--- Data section ---

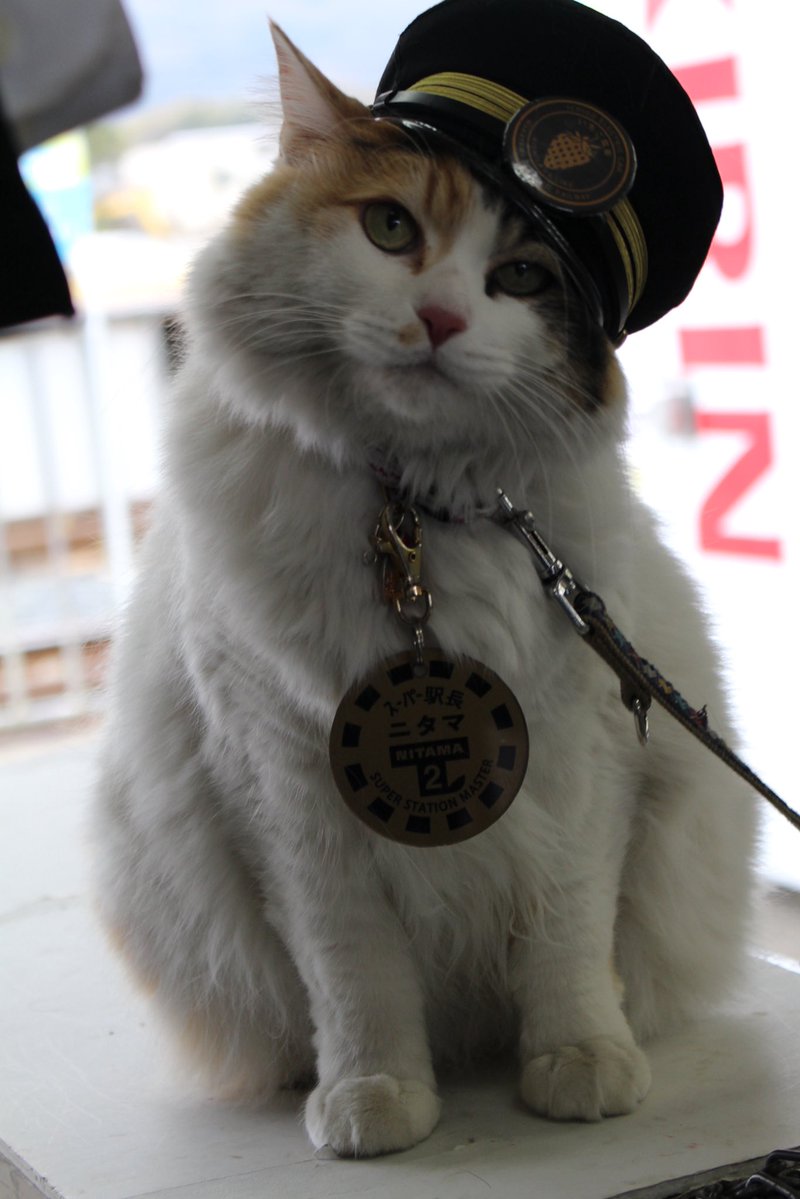 駅長たま (@ekichoTAMA) / Posts / X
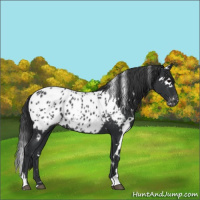 Horse Color:White Spotted Black Appaloosa 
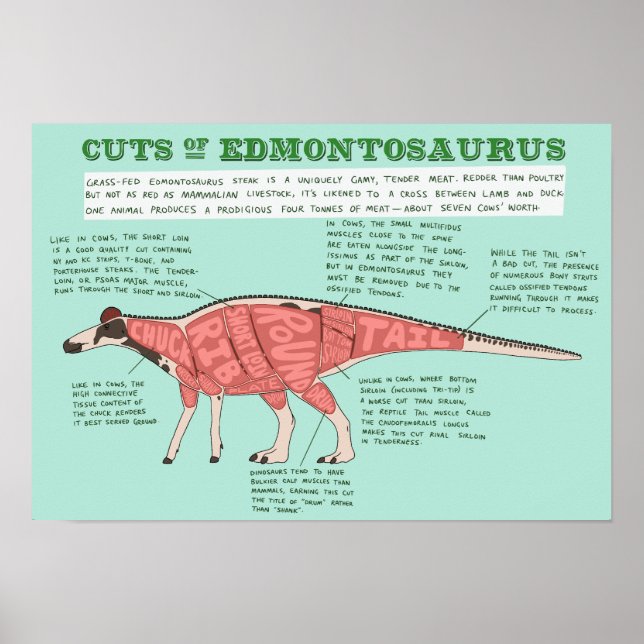 Affiche de dinosaure - Edmontosaurus (Devant)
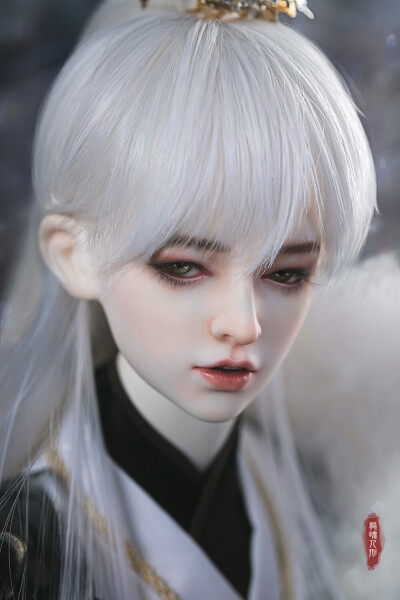 《尾火虎》古风美男 银发 SD娃娃 BJD 玩具 人偶 壁纸 萌物 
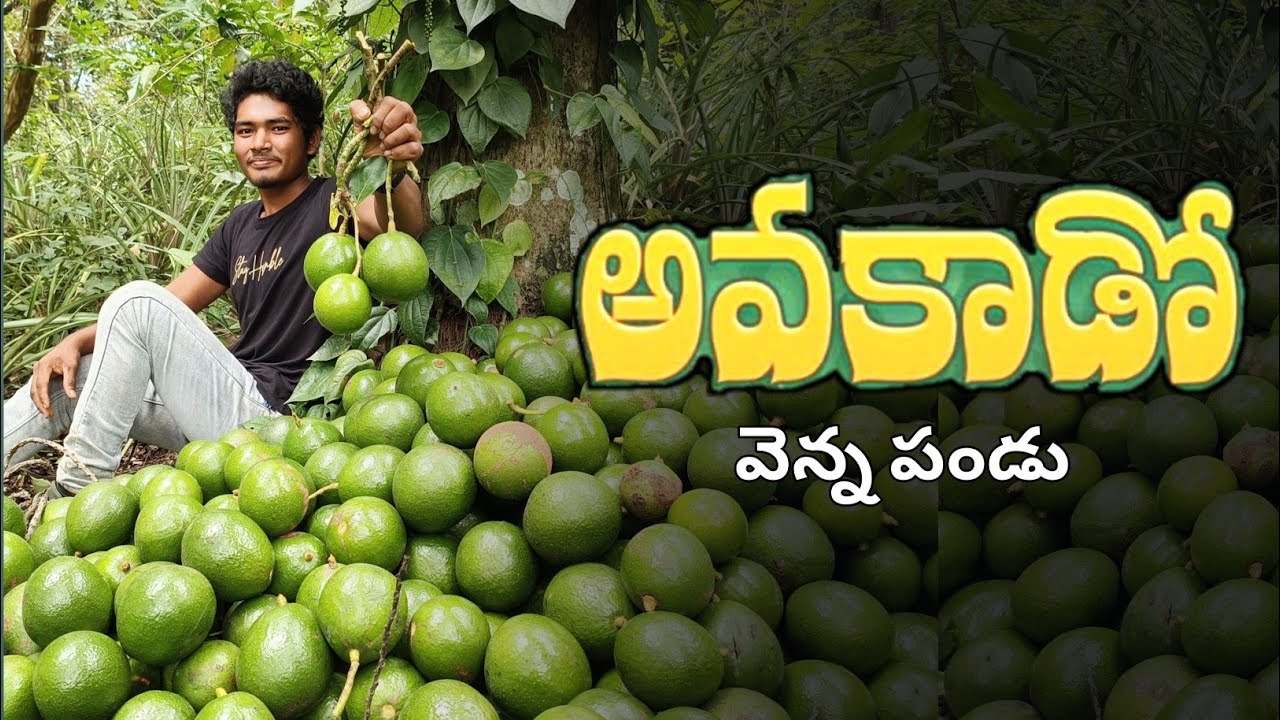 Avocado harvesting in lambasingi tribal||అవకాడో పంట,పండు యొక్క ఉపయోగాలు
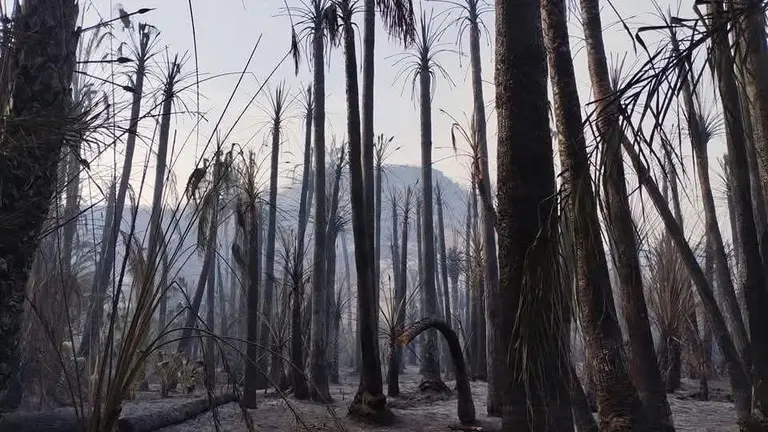 Protección Civil refuerza estrategias contra incendios forestales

---

** Task description **
Print the listing exactly, images excluded.

** Response box **
 駅長たま (@ekichoTAMA) / Posts / X
 Horse Color:White Spotted Black Appaloosa 
 Affiche de dinosaure - Edmontosaurus (Devant)
 《尾火虎》古风美男 银发 SD娃娃 BJD 玩具 人偶 壁纸 萌物 
 Avocado harvesting in lambasingi tribal||అవకాడో పంట,పండు యొక్క ఉపయోగాలు
 Protección Civil refuerza estrategias contra incendios forestales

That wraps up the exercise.